● **Aim of the task**: Your copy of the lines below must match them exactly and contain no images.

● **Recorded information**:
= = = = = = =
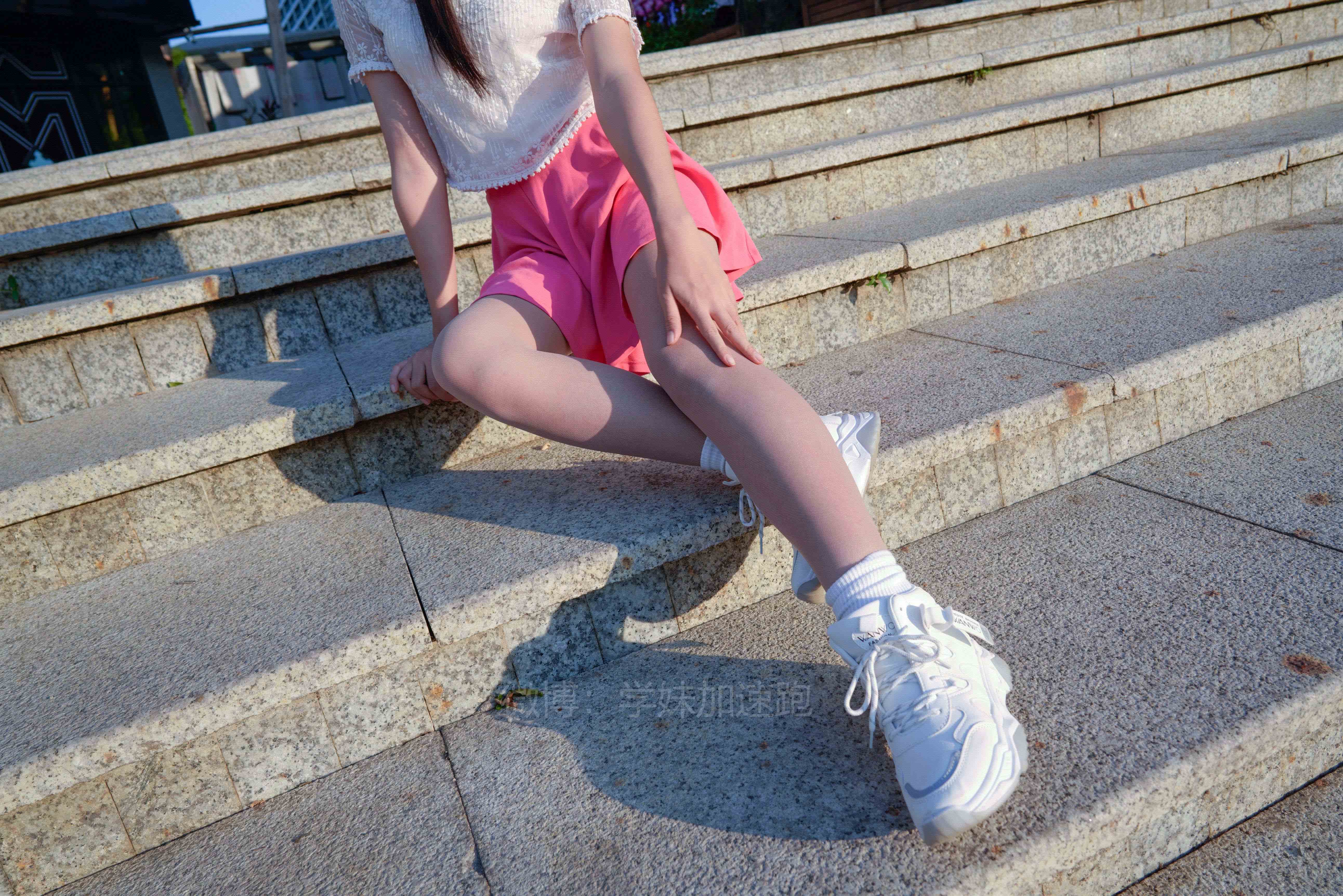 China Beauty Legs and feet 1433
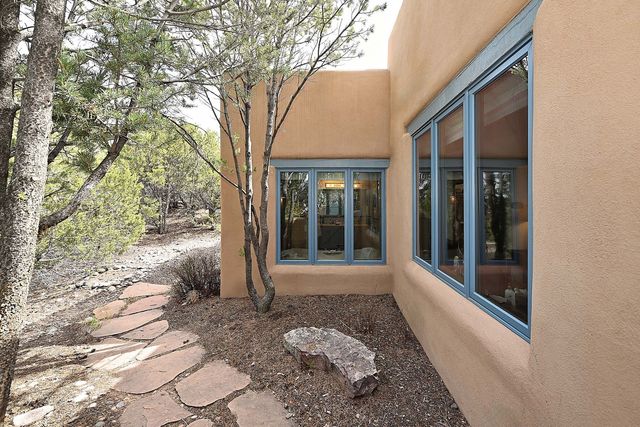 213 Tano Road, Santa Fe, NM 87506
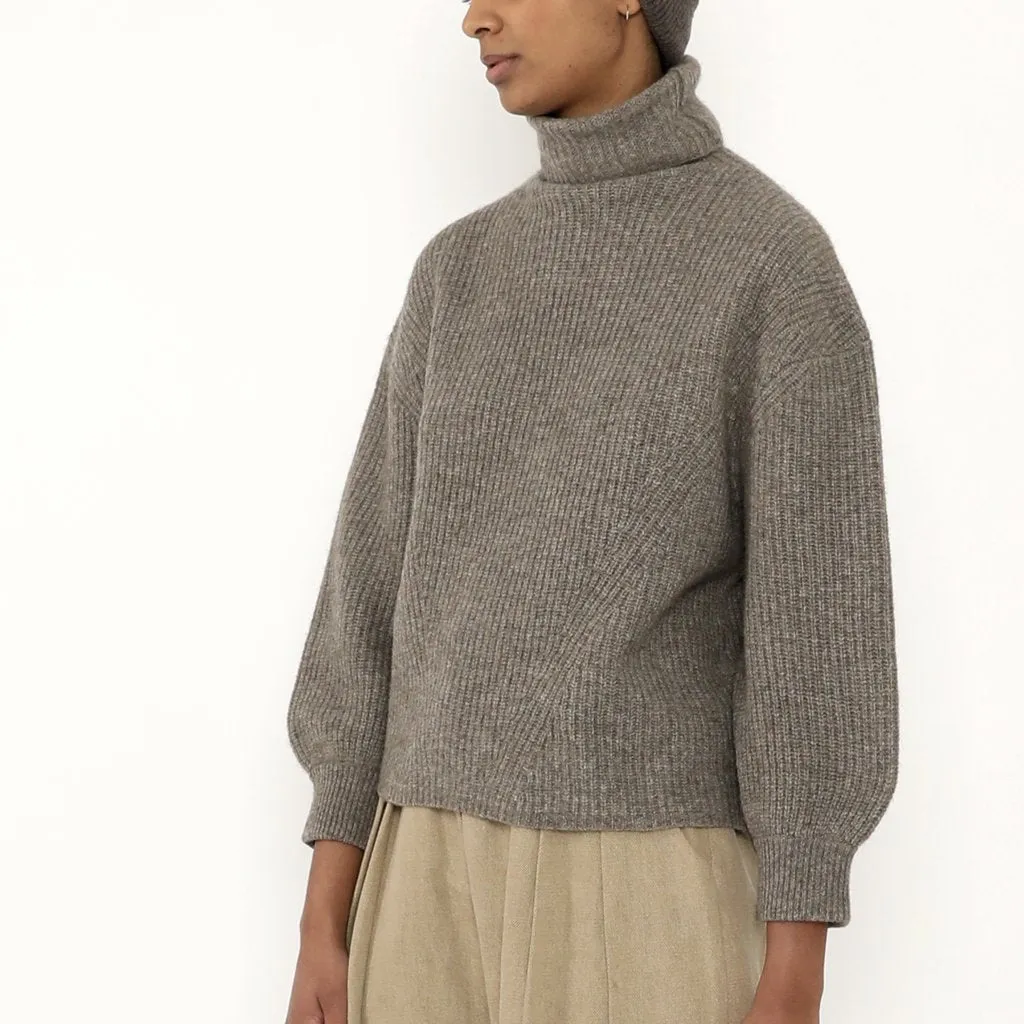 7115 by Szeki Poet Turtleneck Taupe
= = = = = = =
● **Solution for this exercise**:
 China Beauty Legs and feet 1433
 213 Tano Road, Santa Fe, NM 87506
 7115 by Szeki Poet Turtleneck Taupe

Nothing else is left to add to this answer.